About this exercise = Leave out the images and repeat the listing below without a single change.

Material for this exercise =
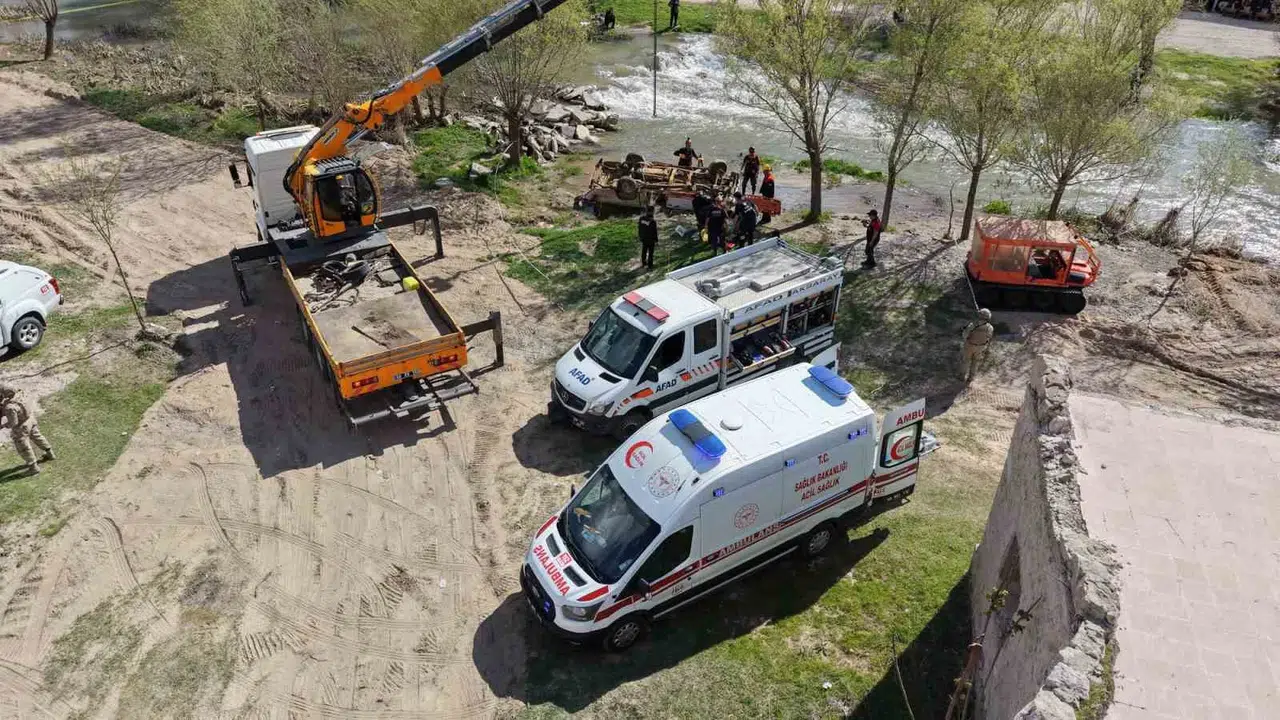 Aksaray'da nefes kesen anlar: Sel felaketine karşı tam kadro alarm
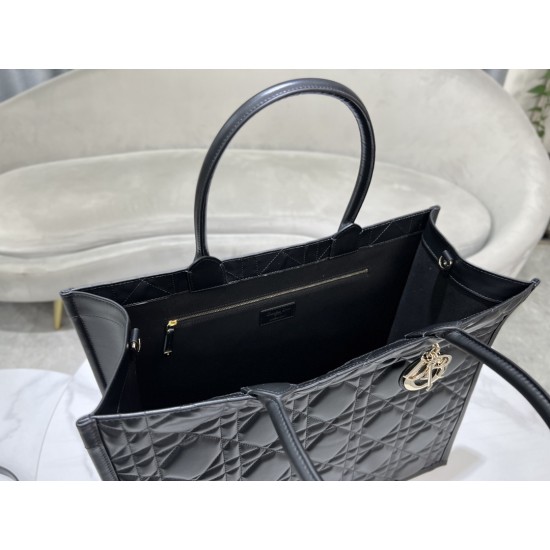 Tote book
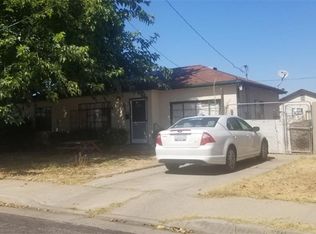 1099 Barney St, Merced, CA 95340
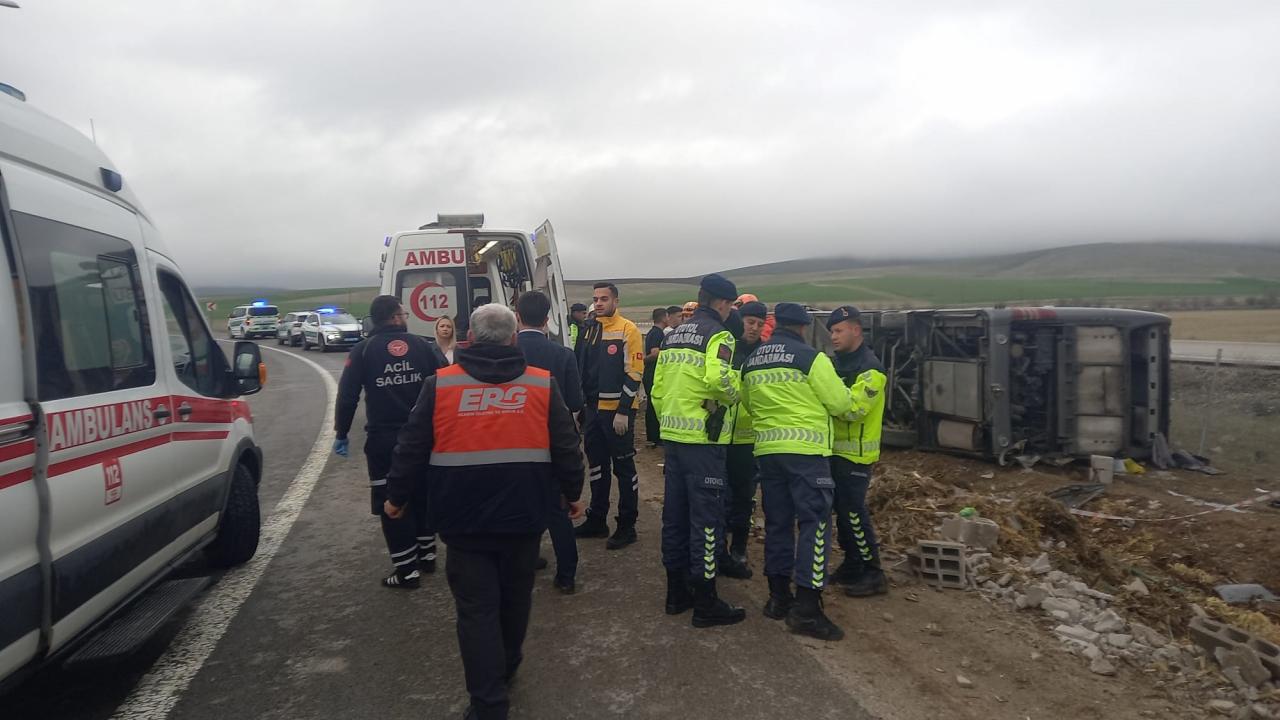 Aksaray'da otobüs devrildi: 20 yaralı!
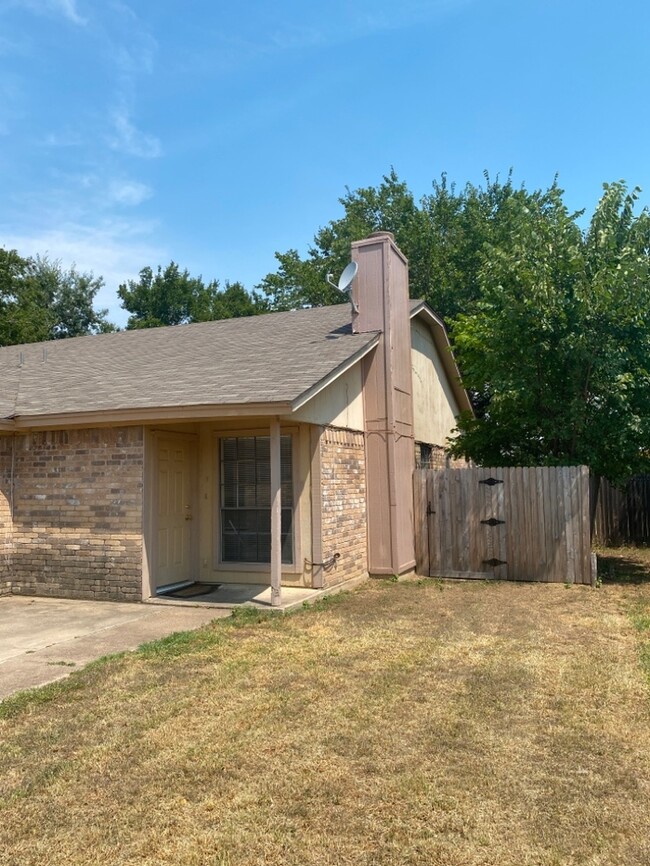 KENNEDALE DUPLEX 3/2/1 HOME NEAR SCHOOL CO... - KENNEDALE DUPLEX 3/2/1 HOME NEAR SCHOOL CO...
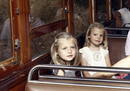 Las infantas Leonor y Sof&iacute;a en el interior del tren tur&iacute;stico S&oacute;ller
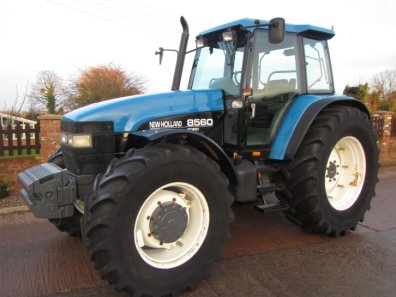 New Holland 8560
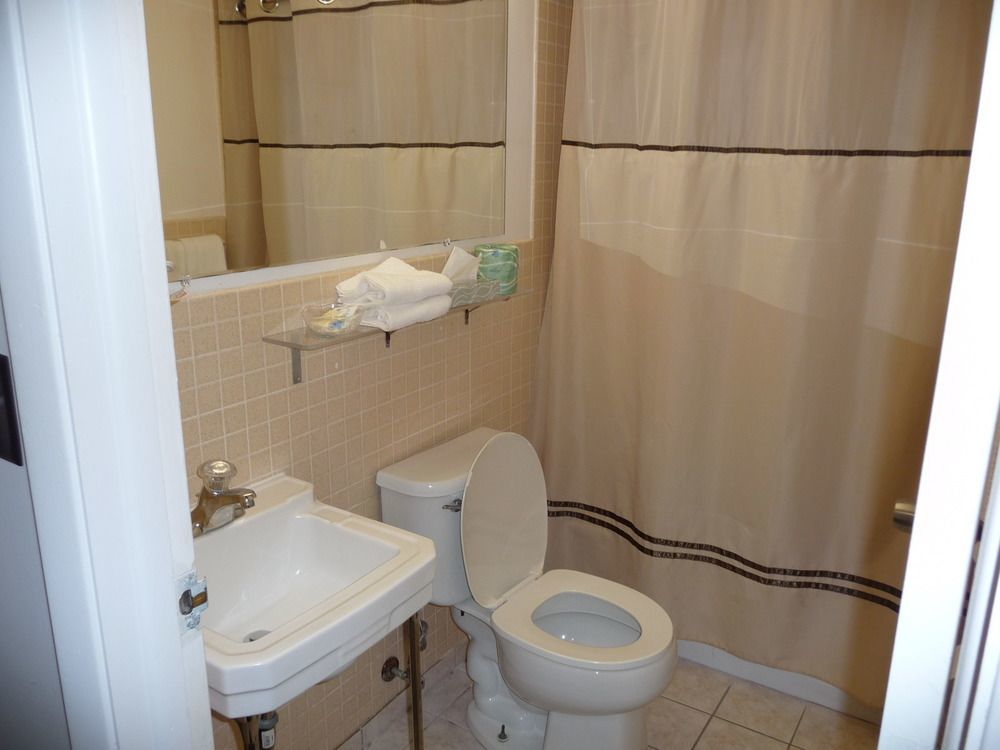 Budget Inn Batavia Extérieur photo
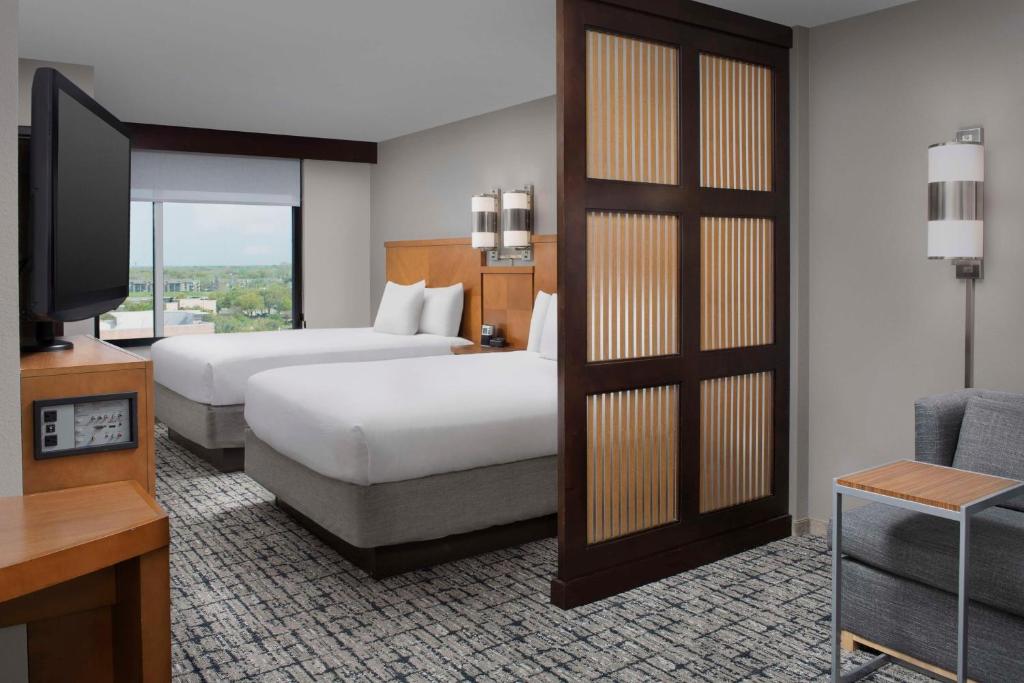Hyatt Place Houston/Sugar Land Room Type - Two Queen Beds Lake View (with sofa bed)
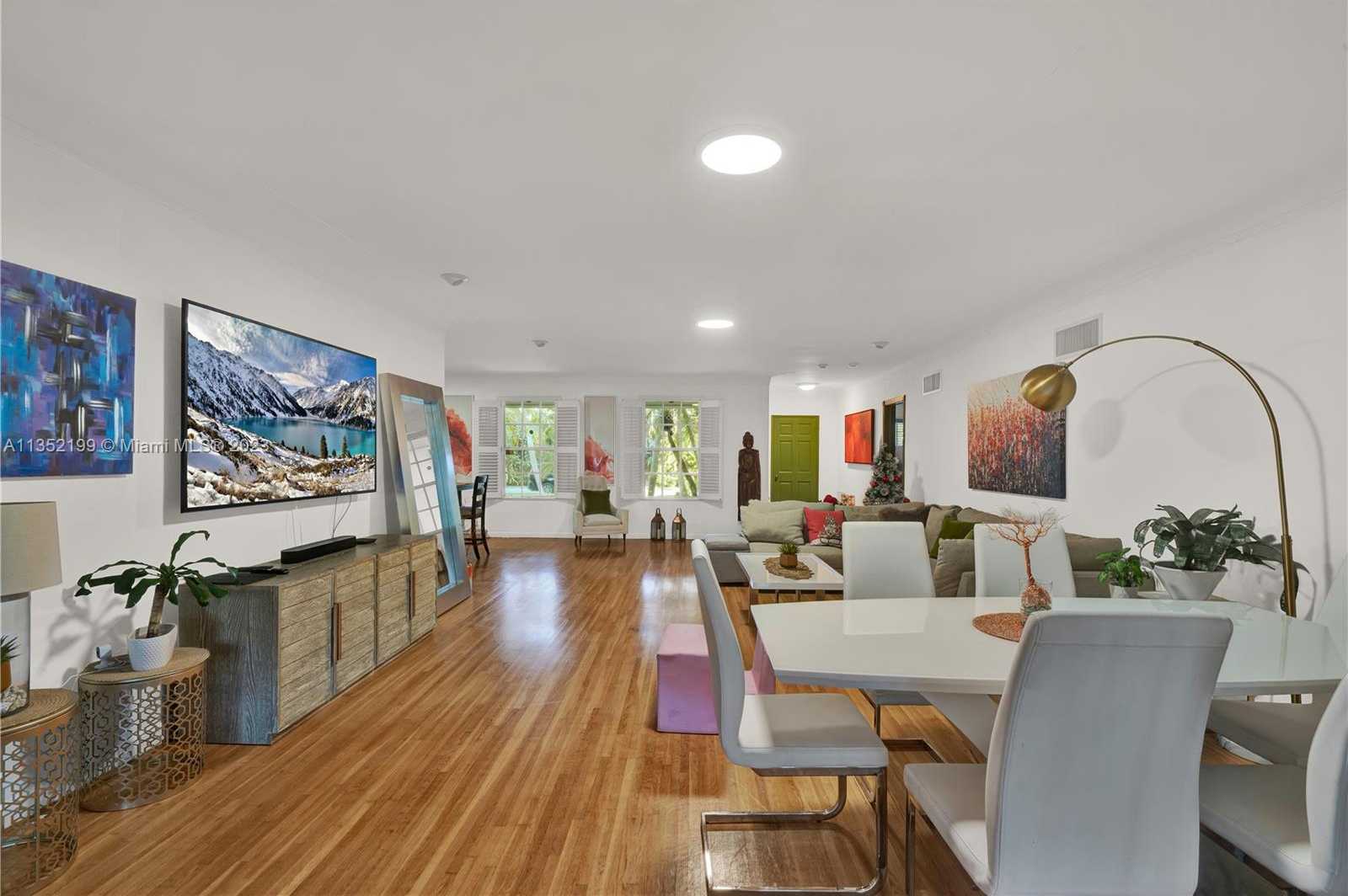 Small Image of 4756 BAY POINT RD, Miami Number 7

The answer =
 Aksaray'da nefes kesen anlar: Sel felaketine karşı tam kadro alarm
 Tote book
 1099 Barney St, Merced, CA 95340
 Aksaray'da otobüs devrildi: 20 yaralı!
 KENNEDALE DUPLEX 3/2/1 HOME NEAR SCHOOL CO... - KENNEDALE DUPLEX 3/2/1 HOME NEAR SCHOOL CO...
 Las infantas Leonor y Sof&iacute;a en el interior del tren tur&iacute;stico S&oacute;ller
 New Holland 8560
 Budget Inn Batavia Extérieur photo
Hyatt Place Houston/Sugar Land Room Type - Two Queen Beds Lake View (with sofa bed)
 Small Image of 4756 BAY POINT RD, Miami Number 7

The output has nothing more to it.